Hello Kishore,

Please see my answers below.

Thanks,
Nick

2015-09-03 18:59 GMT-04:00 Kishore Senji <[email protected]>:

> When you say "4 executors per bolt", are you referring to the
> parallelism_hint parameter that you set in the setBolt() method call? If
> so, what that does is it creates 4 instances of the same Bolt and runs them
> in parallel via 4 executors (threads), so it still is 1 bolt instance /
> thread but a total of 4 instances running in parallel.
>

I am referring to 4 executors per bolt and 1 task for each executor to
execute the code of the bolt. So, it is not only the parallelism hint in
the setBolt(), but also the .setNumTasks(). For instance, if I want a
certain bolt to be executed by 4 threads (executors), then I do:

setBolt(new CustomBolt(...), X).setNumTasks(X) , where X is 4 in this case.

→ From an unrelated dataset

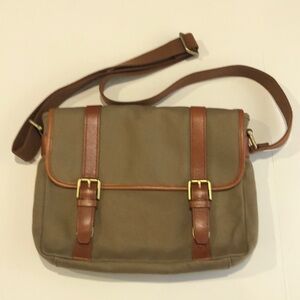 Vintage Fossil  Estate City Messenger Bag - Excellent Condition - Never Used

> For this reason, the latency of a given bolt does not change whether we
> are running 1 instance of 4 instances in parallel, as the same logic gets
> executed. However the throughput gets increased because now there are 4
> instances running in parallel.
>
>
You are right, I am seeing throughput increasing, but also latency
increasing.


>
> I think the way that you are measuring the latency is not accurate and is
> not a good way to measure because the tick tuples get in to the same queue
> (as the rest of the messages) for the Bolt to process and if there is a
> burst of messages in a sec, the tick tuple will be behind that and it will
> get delayed and so there is no guarantee that they execute in the Bolt in
> the perfect time intervals as specified in the config and on the same
> reason your Bolt could be processing more or less depending on the rate and
> so the latency could be more less (because the latency is not measured for
> a fixed set of messages in your code)
>

Actually, that is why I use the tick-tuples method. I want to examine what
is the trade-off of adding more (remote) executors to a topology. I want to
measure the network latency in my code and using tick tuples can reveal the
amount of time a message spends in an input message queue.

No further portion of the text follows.